Yet even amid this changing landscape, Synergy's brisk expansion from obscure beginnings is unusual. Its founders, Zisha Avi Lipschutz, from New York, and Dov Newmark, from New Jersey, had each directed business offices at nursing homes in New Jersey or Pennsylvania, according to limited resumes provided by Synergy.

With a motto of "rehabilitating health care," Synergy advertises that it will offer the "finest in clinical and rehabilitative services," provide "impeccable customer service," and renovate nursing homes in Amesbury, Arlington, Brockton (where the company owns two), Newton, Revere, Sunderland, Watertown, Wilmington, and Worcester.

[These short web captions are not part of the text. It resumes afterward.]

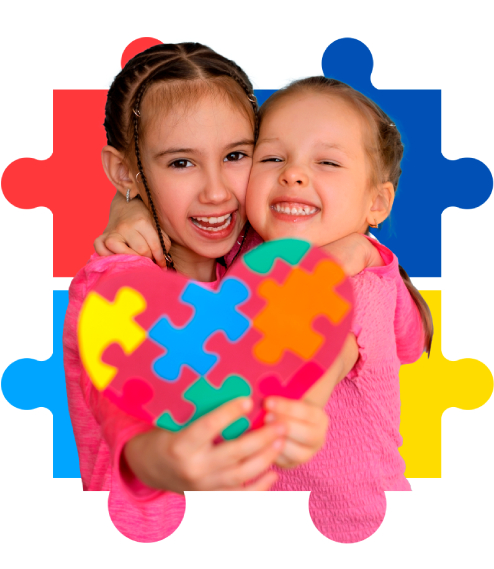 duas criancas segurando peca de quebra cabeca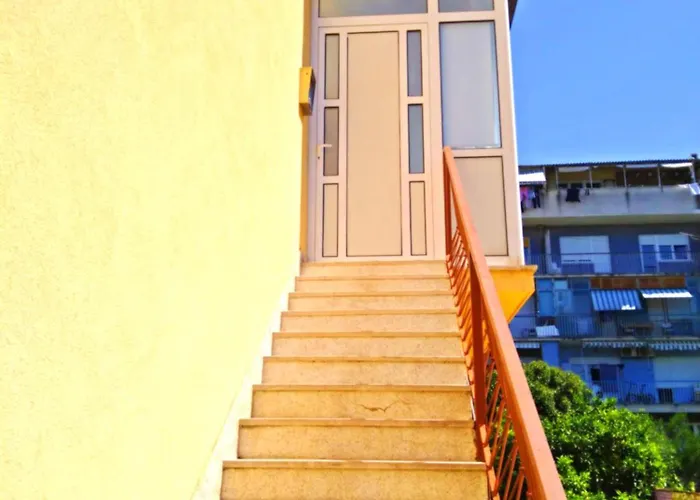 Lägenhet Pomalo Retreat, Your Calm Escape Near The City, Sunlit Terrace, Space & Comfort And Parking Split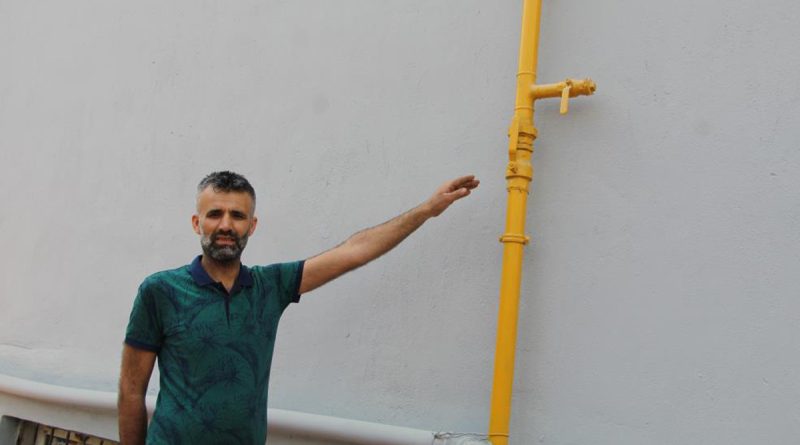 Hırsızlar girdikleri sitede doğal gaz kutusunu dahi çaldı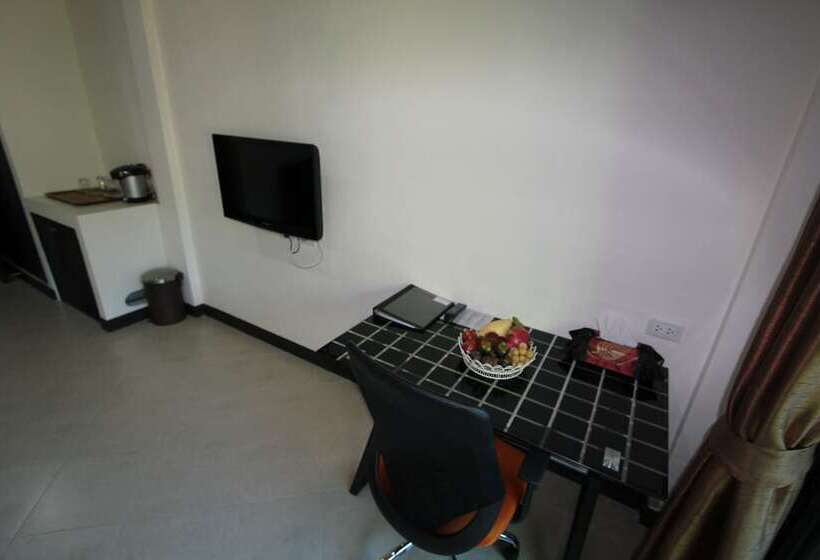 استودیوی لوکس, Babylon Pool Villas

While Lipschutz and Newmark declined interviews, Rosenblum said the founders chose Massachusetts to launch their company because the small, family-owned nursing home in Sunderland that they bought in 2012 proved a perfect entry into the market.

"We are obviously on the cusp of expansion into other states and other markets," Rosenblum said, but declined to elaborate.

One of Synergy's homes, Watertown Health Center, has maintained an above-average federal ranking since Synergy bought it in March of last year. The rest of their acquisitions have either not been inspected since Synergy came in, or have declined in quality, according to inspections and rankings released by state and federal regulators.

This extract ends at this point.